RECORDED DATA =>
□ □ □

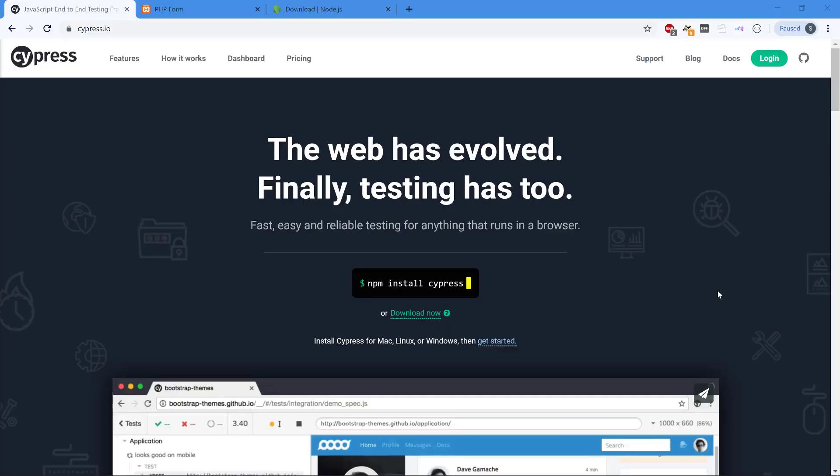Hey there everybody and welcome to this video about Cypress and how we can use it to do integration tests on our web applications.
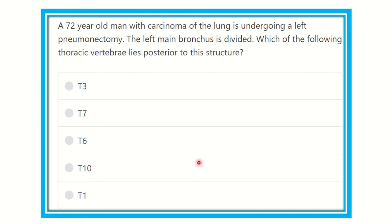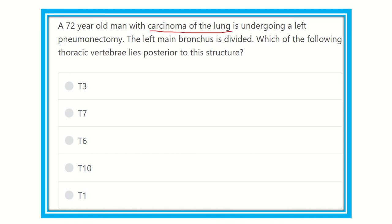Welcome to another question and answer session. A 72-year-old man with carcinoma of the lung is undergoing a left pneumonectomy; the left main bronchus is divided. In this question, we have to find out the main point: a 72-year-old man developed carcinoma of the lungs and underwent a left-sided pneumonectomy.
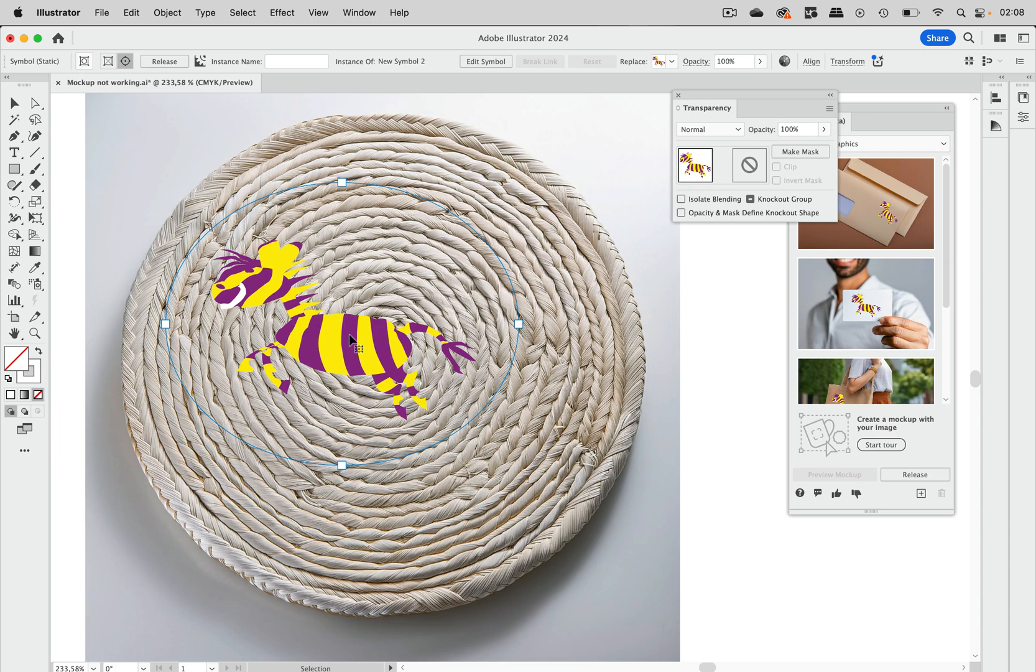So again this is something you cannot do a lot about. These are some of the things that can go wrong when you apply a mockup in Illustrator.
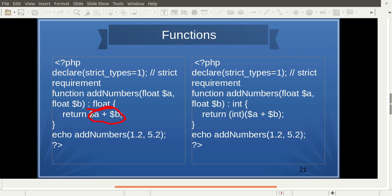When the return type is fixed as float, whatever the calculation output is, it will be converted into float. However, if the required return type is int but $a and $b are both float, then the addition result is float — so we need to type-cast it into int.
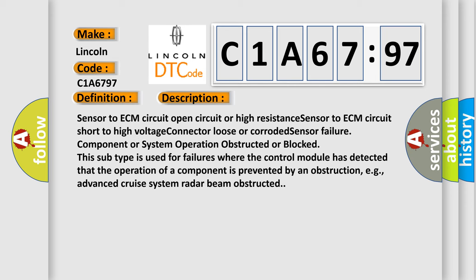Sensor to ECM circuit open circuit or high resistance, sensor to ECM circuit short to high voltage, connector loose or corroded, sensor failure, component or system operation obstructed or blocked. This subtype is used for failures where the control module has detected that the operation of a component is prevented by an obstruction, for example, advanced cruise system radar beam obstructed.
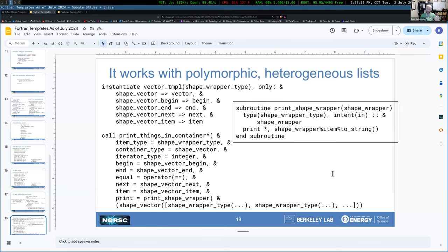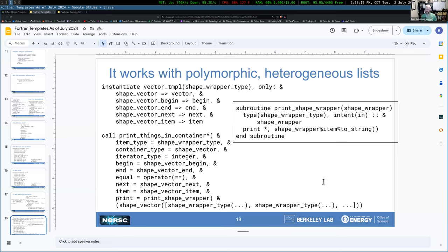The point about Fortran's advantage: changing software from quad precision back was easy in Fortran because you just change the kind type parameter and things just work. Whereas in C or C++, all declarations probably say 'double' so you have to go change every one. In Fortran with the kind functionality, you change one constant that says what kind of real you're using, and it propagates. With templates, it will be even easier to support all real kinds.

□ □ □

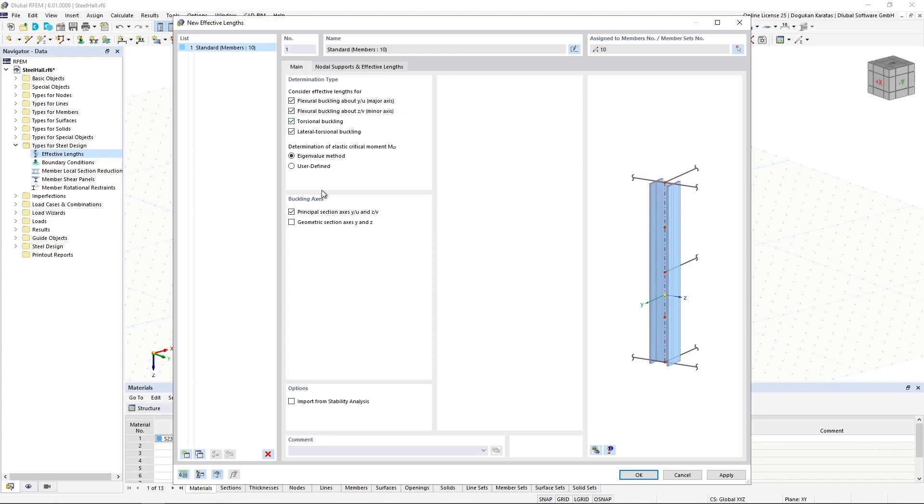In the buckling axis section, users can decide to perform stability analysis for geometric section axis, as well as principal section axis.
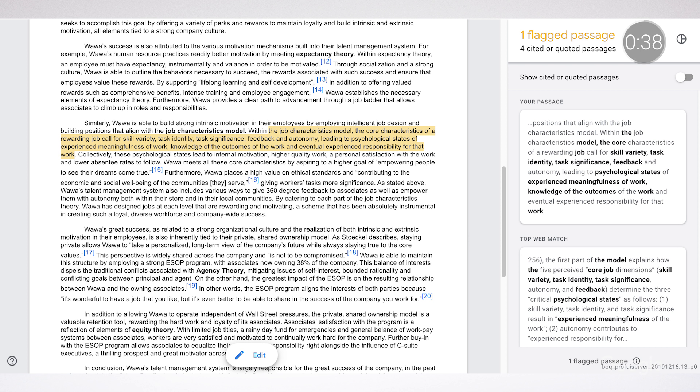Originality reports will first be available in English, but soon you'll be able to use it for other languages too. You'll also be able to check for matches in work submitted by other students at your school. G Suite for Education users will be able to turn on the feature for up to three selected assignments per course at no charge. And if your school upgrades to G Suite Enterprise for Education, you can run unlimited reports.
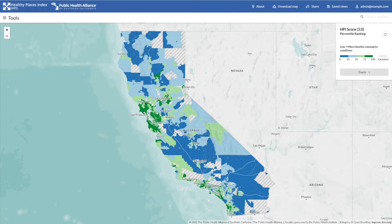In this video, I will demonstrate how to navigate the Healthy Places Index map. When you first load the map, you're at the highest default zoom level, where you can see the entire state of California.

□ □ □

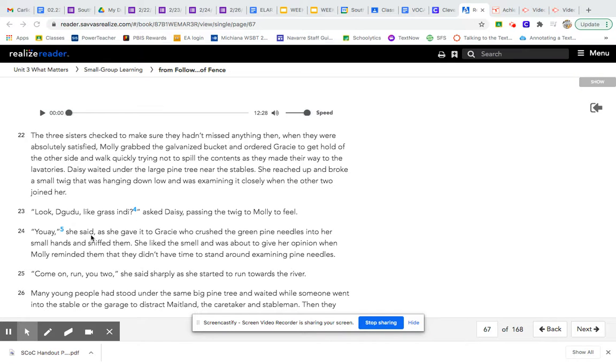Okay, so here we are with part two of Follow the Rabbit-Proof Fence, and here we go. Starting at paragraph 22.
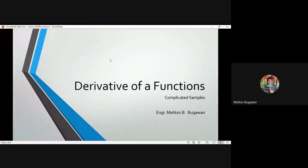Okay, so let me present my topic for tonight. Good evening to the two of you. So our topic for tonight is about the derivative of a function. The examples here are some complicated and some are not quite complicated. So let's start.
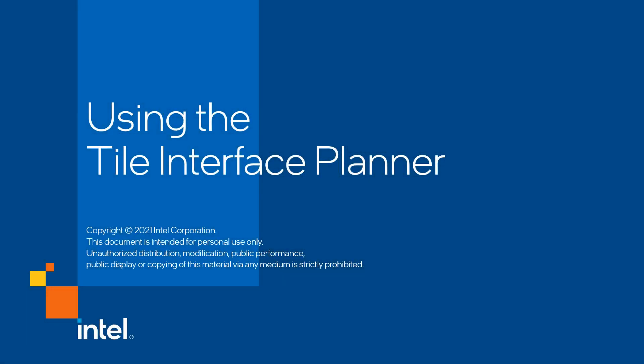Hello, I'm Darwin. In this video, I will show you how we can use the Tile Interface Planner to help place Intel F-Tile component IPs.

□ □ □

WORK TO BE COMPLETED => All that should be printed is the run of lines above from the one with "Hey there everybody" through the one with "When the return", both included, exactly as given, with pictures left out.

ANSWER TO THE PROBLEM =>
Hey there everybody and welcome to this video about Cypress and how we can use it to do integration tests on our web applications.
Welcome to another question and answer session. A 72-year-old man with carcinoma of the lung is undergoing a left pneumonectomy; the left main bronchus is divided. In this question, we have to find out the main point: a 72-year-old man developed carcinoma of the lungs and underwent a left-sided pneumonectomy.
So again this is something you cannot do a lot about. These are some of the things that can go wrong when you apply a mockup in Illustrator.
When the return type is fixed as float, whatever the calculation output is, it will be converted into float. However, if the required return type is int but $a and $b are both float, then the addition result is float — so we need to type-cast it into int.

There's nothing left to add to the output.